The report, numbering some fifty pages, contains four parts, in addition to an introduction and appendix.

In the first section, the report notes that the current state of TCS has been influenced by the publishing of a new law on associations, remarkable for its exclusion of privative sanctions on the freedom of association and the simplification of the procedures required for creating and managing an association.

The negatives raised in the text are of minor importance. From an institutional perspective, the report informs us of the existence of a new department for associations at the First Ministry, which will be added to IFEDA, created in 2000. But it also highlights the lack of measures which might allow for a more institutionalized involvement of TCS in local and national good governance as well as in development.

In the second section, the report reveals that the state of knowledge on TCS remains limited. The new dynamic surrounding associations after 14 January made possible the creation of 2000 new associations, to which have been added a further 700 since 23 October 2011. But, in both qualitative and quantitative terms, we still know little about a civil society in Tunisia which is, for the most part, young or still under construction. The same goes for institutional actors on a national and international level.

Nevertheless, we know that existing associations are operating on different levels and in several domains: certain themes are new and target short-term issues, linked to the democratic transition, while others are older and have mobilized as many people after January 14 as before, these being, in particular, culture, the environment, and women’s rights.

The third section of the report offers a functional description of TCS and its component parts. It is asserted that the relationship between TCS and the state is marked by mutual distrust and an obvious lack of consultation procedures. This form of consultation, that the associations themselves wish to see (84% of those questioned), should go towards the establishment of an equal partnership, but one which should not impact upon the independence of those associations which make up TCS.

The report points to the need for associations to form a networked grouping in order to put an end to the fragmentation of the association community, a fragmentation worsened by the divide between modernists and traditionalists. Moreover, TCS as a whole still lacks firm roots in a popular base and among the most disadvantaged sectors of society, thus restricting its social impact.

A large portion of the report is devoted to outlining the problems and weakness that have been identified. Around twenty themes are expounded upon, alongside some courses of action for the future Support Programme of Tunisian Civil Society, under the aegis of the European Union. The analysis carried out by the associations themselves on the strengths, weaknesses, opportunities and problems related to TCS demonstrate that the associations see the willingness, activism and enthusiasm of their members as their main strength. As far as financial questions are concerned, they are shown to be the major problem faced by associations, which, as a result, are seeking opportunities to access further financial support.

The last part of the report is devoted to outlining different support missions for TCS, both national and international.

Some proposals for future action

A reading of the report by the EU mandated committee, as well as my own experience, leads me to propose the following approaches for action:

Strengthen the capabilities of associations

The concern here is to have a civil society capable of having more impact on political, economic and social life in the country. This line of approach has to do with the human element: developing management skills, entrepreneurship and leadership. The capacities which seem, to me, important to develop are:

–  The capacity effectively to run an association and develop a coherent outlook: in particular the ability to define the strategy of the association, to define its vision and its field of action, to come up with new ideas, to give them structure and turn them into projects, to mobilize active members…

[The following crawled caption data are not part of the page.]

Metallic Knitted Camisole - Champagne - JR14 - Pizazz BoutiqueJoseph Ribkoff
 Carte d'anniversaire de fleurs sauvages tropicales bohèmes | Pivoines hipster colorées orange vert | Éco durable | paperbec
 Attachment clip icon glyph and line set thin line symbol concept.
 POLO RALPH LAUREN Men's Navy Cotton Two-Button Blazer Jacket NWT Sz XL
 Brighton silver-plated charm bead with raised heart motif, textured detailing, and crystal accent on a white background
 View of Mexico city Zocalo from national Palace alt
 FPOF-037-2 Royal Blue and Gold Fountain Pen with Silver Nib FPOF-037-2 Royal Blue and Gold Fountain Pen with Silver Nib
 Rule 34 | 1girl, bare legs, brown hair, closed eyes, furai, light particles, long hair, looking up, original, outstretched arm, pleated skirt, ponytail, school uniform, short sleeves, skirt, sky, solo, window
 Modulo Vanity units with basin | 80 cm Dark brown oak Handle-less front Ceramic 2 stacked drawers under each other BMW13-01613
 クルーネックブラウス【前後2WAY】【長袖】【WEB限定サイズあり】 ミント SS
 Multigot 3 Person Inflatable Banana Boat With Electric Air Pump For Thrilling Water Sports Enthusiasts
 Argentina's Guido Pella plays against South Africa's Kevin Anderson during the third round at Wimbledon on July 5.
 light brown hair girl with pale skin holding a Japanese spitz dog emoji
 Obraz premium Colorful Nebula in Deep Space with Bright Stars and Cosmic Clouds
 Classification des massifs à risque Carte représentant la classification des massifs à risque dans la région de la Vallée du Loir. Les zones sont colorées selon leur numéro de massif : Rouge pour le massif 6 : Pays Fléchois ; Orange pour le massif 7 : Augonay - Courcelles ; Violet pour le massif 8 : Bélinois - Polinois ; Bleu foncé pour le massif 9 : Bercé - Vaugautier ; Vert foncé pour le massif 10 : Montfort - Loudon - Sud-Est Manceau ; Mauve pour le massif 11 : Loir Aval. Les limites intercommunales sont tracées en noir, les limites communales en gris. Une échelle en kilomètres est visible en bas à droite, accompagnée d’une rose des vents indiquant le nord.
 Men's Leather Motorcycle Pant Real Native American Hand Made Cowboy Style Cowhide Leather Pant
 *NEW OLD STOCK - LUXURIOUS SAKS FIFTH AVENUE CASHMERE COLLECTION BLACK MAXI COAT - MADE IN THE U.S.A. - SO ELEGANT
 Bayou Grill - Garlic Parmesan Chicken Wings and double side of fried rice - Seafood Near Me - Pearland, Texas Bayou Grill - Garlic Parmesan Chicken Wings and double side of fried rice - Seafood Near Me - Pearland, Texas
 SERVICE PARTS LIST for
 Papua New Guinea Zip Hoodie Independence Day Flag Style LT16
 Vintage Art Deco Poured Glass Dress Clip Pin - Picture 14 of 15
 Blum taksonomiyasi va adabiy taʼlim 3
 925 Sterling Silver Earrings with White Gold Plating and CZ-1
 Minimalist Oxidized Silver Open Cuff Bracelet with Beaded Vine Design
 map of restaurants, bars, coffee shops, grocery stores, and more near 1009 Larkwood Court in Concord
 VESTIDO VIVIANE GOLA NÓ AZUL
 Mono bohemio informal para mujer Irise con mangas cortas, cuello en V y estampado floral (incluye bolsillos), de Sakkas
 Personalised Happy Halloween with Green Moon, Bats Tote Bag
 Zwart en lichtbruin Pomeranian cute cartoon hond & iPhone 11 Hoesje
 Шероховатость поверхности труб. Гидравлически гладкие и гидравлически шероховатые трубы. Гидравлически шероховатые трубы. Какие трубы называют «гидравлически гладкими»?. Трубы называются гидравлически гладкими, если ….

–  The capacity to manage a project: in particular the ability to take a project from start to finish, overseeing the quality, cost and time-frame of the project, managing a team and internal and external communication…

–  The capacity to ensure effective management of finances: in particular the ability to be informed in time of requests for proposals on the part of backers, to understand what is required in order to procure financing and to respond to them in a timely manner, to ensure the transparent management of allotted funds (which also relies upon the capability to adapt the project according to the level of funding granted, and as such the necessity to to conceive of the project from the beginning in modular terms).

It falls to the State, international institutions and established associations to propose forms of action within the framework of this approach.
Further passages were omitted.